Krazy Kat, Popeye, Snoopy and Orphan Annie rank among the best-known graphic images in the country. Goon, jeep, heebie - jeebies, horsefeathers and Dagwood sandwich are among the terms comic strips have introduced to the English language.

“You used to have to work your way up before you got to draw a strip,” explains Charles Schulz, creator of “Peanuts.” “In the beginning, you worked at the newspaper as an office boy, and you got to make a drawing every now and then. In my era, we worked our way up selling gag cartoons to various magazines until we developed a good style and some maturity, then we were taken up by a syndicate. Today, we have several rank amateurs in the business, who jumped from college or high school into syndication: They’re like the TV actors who have never really learned their craft.”

Almost all strips in the daily papers are distributed by a handful of major syndicates: King Features, News America, Tribune Media, United Media, Universal Press. A syndicate sells a comic to the newspapers and pays the artist a percentage of the fee. A moderately successful strip may appear in 100 papers and gross $2,000 for the syndicate each week.
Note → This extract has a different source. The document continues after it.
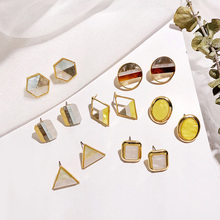 Pendientes geométricos simples de Metal para mujeres y niñas, diseño de triángulo redondo bonito, joyería japonesa, Pendientes Brincos L18 2024 - compra barato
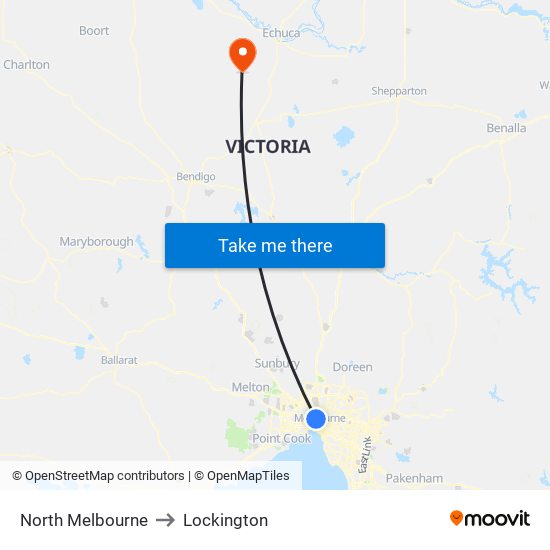 North Melbourne to Lockington map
The most successful comic strips--”Peanuts,” “Blondie,” “Beetle Bailey,” “Garfield,” “Hagar the Horrible”--appear in more than 1,000 newspapers apiece and earn substantially more. Like top athletes and entertainers, the most popular comic-strip artists have always commanded high salaries.

“The Gumps” was so popular that in 1935--the depth of the Depression--the Chicago Tribune offered artist Sidney Smith $1 million for a three-year contract, with a Rolls-Royce as a bonus.

Today, lucrative merchandising deals have made comic strips an even bigger business. The ubiquitous success of “Peanuts” and “Garfield” has led an increasing number of aspiring cartoonists to seek syndication contracts. Their chances of success are slim. As Yates notes, syndicates accept fewer than 1% of the strips submitted to them.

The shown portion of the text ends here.